Here we limit ourselves to MSMs run (1) from many probes, to maximize the number of probes we'll see samples from, and (2) ending in 2015 or later, to focus on the recent past. Note that many of these are MSMs we specified ourselves for our TMA paper.
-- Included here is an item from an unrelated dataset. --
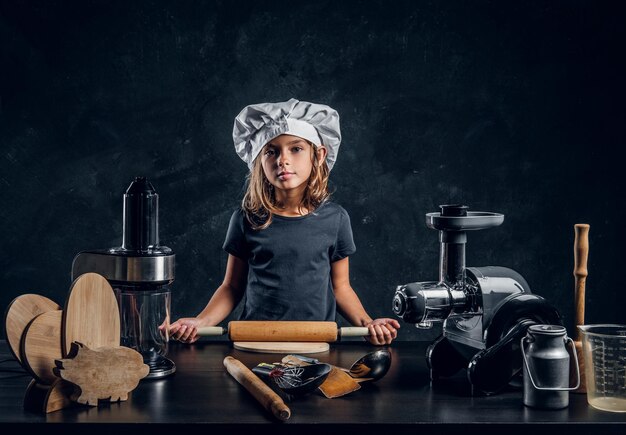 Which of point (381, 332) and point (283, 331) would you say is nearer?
point (283, 331)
Not many people seem to be interested in UDP traceroute.

In [2]:
# get ALL the traceroutes! (takes about five minutes on Forclaz)
tmgen = tm_generator()
%time tmdf = pd.DataFrame([m for m in tmgen], columns=TraceMeta._fields)
tmgen.close() # generator wraps a file, close it.

# estimate sample count
tmdf['samples'] = (tmdf['probes'] * (tmdf['stop_epoch'] - tmdf['start_epoch'])) / tmdf['interval']

# cast timestamps
tmdf['start'] = pd.to_datetime(tmdf['start_epoch'] * 1e9)
tmdf['stop'] = pd.to_datetime(tmdf['stop_epoch'] * 1e9)
tmdf['duration'] = tmdf['stop'] - tmdf['start']

# count msms
tmdf['n'] = 1

# index by msm
tmdf.index = pd.Index(tmdf['msm_id'])
del(tmdf['msm_id'])

# Dump dataframe into the HDF store
store['tmdf'] = tmdf

# exclude all measurements ending before 1 Jan 2015, and split by protocol
tmdf_udp = tmdf[tmdf['proto'] == 'UDP']
tmdf_udp = tmdf_udp[tmdf_udp["stop"] >= "2015-01-01"]
tmdf_tcp = tmdf[tmdf['proto'] == 'TCP']
tmdf_tcp = tmdf_tcp[tmdf_tcp["stop"] >= "2015-01-01"]
tmdf_icmp = tmdf[tmdf['proto'] == 'TCP']
tmdf_icmp = tmdf_icmp[tmdf_icmp["stop"] >= "2015-01-01"]

# find appropriate MSMs
msm_ids = tmdf_udp[tmdf_udp['probes'] >= 64].index.values

CPU times: user 5min 6s, sys: 6.03 s, total: 5min 12s
Wall time: 5min 13s


In [3]:
len(msm_ids)

8436

### Step 2: Retrieve MSMs and parse them into a dataframe

In [4]:
%time tcsdf = tcsample_dataframe(msm_ids, cachedir="data_cache", chunksize=100000)
store['tcsdf'] = tcsdf

CPU times: user 7min, sys: 16.7 s, total: 7min 17s
Wall time: 7min 31s


your performance may suffer as PyTables will pickle object types that it cannot
map directly to c-types [inferred_type->mixed,key->block2_values] [items->['proto', 'sip', 'dip', 'reached']]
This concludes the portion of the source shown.